If the value is a BigInt return BigInt::toString(argument, 10)
If the value is a Number return Number::toString(argument, 10)
Otherwise we have an object
- Return ToString(ToPrimitive(value, string)) Note that this depends on the ToPrimitive operation which we have not defined yet (it's mutually recursive). ToString handles all primitive operations so as long as ToPrimitive returns us some kind of primitive we will finish recursing

Coercing to number

Performed by the ToNumber abstract operation

If the value is already a number it is returned
If the value is a Symbol or BigInt throw a TypeError
If value is undefined or null return NaN
If value is null or false return +0
If value is true return 1
If value is string return StringToNumber(argument)
Otherwise we have an object
- return ToNumber(ToPrimitive(value, number)) Note that this has the same structure as ToString and is also mutually recursive with ToPrimitive.

Coercing to primitive

the ToPrimitive abstract operation takes a type hint as a second parameter which is what kind of primitive we'd like to try to get. In the case of ToString we'd like a string, but if we give back something else it can be converted in ToString. Likewise for ToNumber except we want a number.

If value is a primitive return it
If the object defines a method Symbol.toPrimitive we call that method with the value and type hint as arguments
- If it gives back a primitive it returns, otherwise throw a type error
If the method is not defined we return OrdinaryToPrimitive(value, hint) OrdinaryToPrimitive tries to get a primitive using the toString and valueOf methods on the object.
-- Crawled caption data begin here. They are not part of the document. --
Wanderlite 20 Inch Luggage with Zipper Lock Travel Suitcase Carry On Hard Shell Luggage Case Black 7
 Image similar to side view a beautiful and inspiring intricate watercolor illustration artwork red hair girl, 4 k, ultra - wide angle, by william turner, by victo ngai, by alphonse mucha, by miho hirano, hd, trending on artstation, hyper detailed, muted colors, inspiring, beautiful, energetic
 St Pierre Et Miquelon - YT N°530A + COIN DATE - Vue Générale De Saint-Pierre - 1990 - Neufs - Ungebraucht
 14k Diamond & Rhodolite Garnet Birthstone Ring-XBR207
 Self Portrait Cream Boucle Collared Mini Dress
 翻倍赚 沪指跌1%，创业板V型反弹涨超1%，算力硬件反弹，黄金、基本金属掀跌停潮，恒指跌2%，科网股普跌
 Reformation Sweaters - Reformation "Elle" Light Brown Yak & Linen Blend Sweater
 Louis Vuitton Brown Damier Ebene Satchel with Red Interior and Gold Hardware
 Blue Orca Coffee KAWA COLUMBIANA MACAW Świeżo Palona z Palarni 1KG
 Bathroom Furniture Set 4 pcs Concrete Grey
If we want a string it will try toString first, otherwise it will try toValue first. Note that the otherwise means we default to coercing to number. Object.prototype defines a toString method which returns '[object Object]'. It does not define a toValue.

Equality

Loose and strict equality are defined by the IsLooselyEqual(x,y) and IsStrictlyEqual(x,y) abstract operations.

IsStrictlyEqual

Returns false if the types don't match, otherwise compares numbers with Number::equal(x, y) and everything else with SameValueNonNumber(x, y)

IsLooselyEqual

IsLooselyEqual will try to coerce both operands to the same type before comparing.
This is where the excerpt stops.